Others place the Left’s muted dissent amid broader internal trends. “The party has become intolerant of criticism – most conspicuously the Voice’s prosecution,” Samaras says. “People are attacked and written off as disloyal.” Few are encouraged to challenge prevailing “orthodoxy”. Strikingly, one of the few caucus members who could robustly criticise Qantas at the peak of its public opprobrium this year – and refuse a membership of the Chairman’s Lounge – was NSW Labor Right senator Tony Sheldon. A senior Labor staffer is scathing of this, taking aim at the growth of “unprincipled careerists in caucus”.
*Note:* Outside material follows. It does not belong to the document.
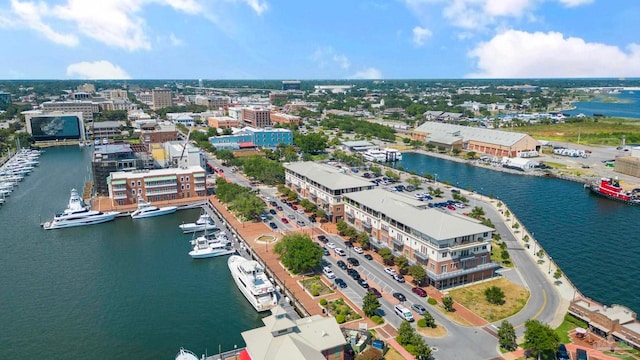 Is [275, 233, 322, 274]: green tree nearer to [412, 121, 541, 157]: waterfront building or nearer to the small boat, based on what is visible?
the small boat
In the absence of neat Left–Right factional divergence, a frequent refrain is that “intergenerational tensions” might be the most intriguing arena of ideological and policy conflict. A generation of younger MPs across factions are hungry for transformative reform. Bongiorno and others sense divisions “might sharpen”. One observer predicted we would see generational tensions like those that shadowed both Hawke and Keating and Howard and Peter Costello.

Strangio suggests the government is “going to rely heavily on Chalmers … as they pivot to campaigning on the economy”. The treasurer faces the challenge of the Commonwealth’s revenue problem and the limits of a New Labour/Hawke–Keating low-tax social democracy. There is also the fact the government came to power just as the economy began to slow and cost-of-living pressures rose, possibly cruelling whatever reform agenda it might have had. As Osmond Chiu notes, Labor governments succeed where the centre-right is divided. Rolling back stage three tax cuts would be a “unifying” issue for Peter Dutton, big business, and right-wing ideologues.
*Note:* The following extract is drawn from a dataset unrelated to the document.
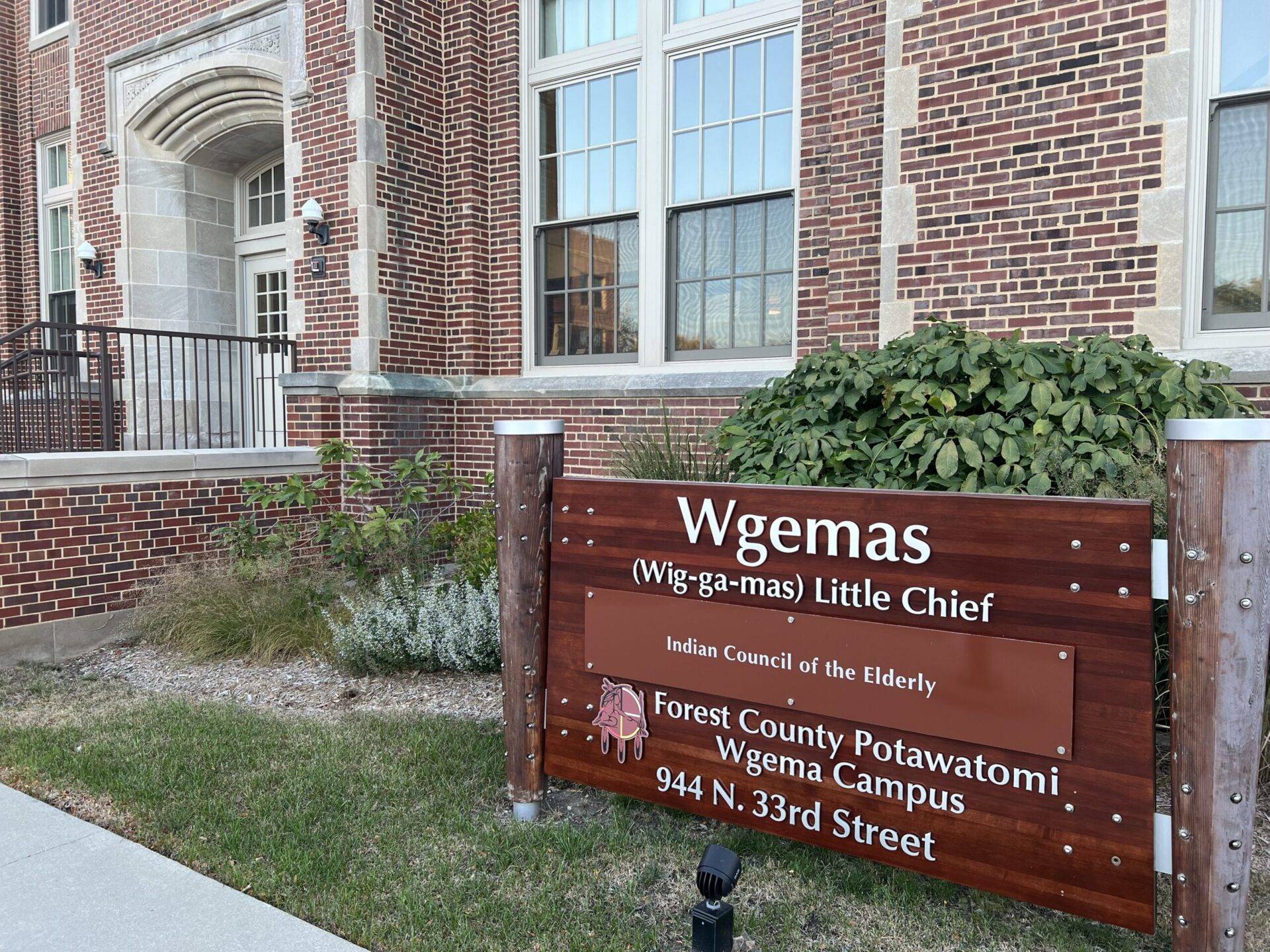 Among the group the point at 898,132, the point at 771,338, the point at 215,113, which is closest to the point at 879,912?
the point at 898,132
Will this government be rewarded with a second term or will it be the first oncer since Labor’s Jim Scullin in 1931? Cooney issues a blunt judgement: “People who bet against Albo generally lose.” The recent defeat of the New Zealand Labour government is a warning against complacency. The prospect of minority government is a very likely outcome. Kos Samaras is sanguine, however: “Enough voters will give them a leave pass as it’s their first term, but Labor will come under pressure from the Greens and Fowler-type independents. Seats will be lost.”

The last word goes to Almaliki, a former refugee from Western Sydney, arguably representative of Labor’s aspirational suburban, working-class base and its desire for change: “A moral obligation rests with the Albanese Labor government to drive an economic reform agenda. Courage and conviction are in order. We can’t afford more of the same.”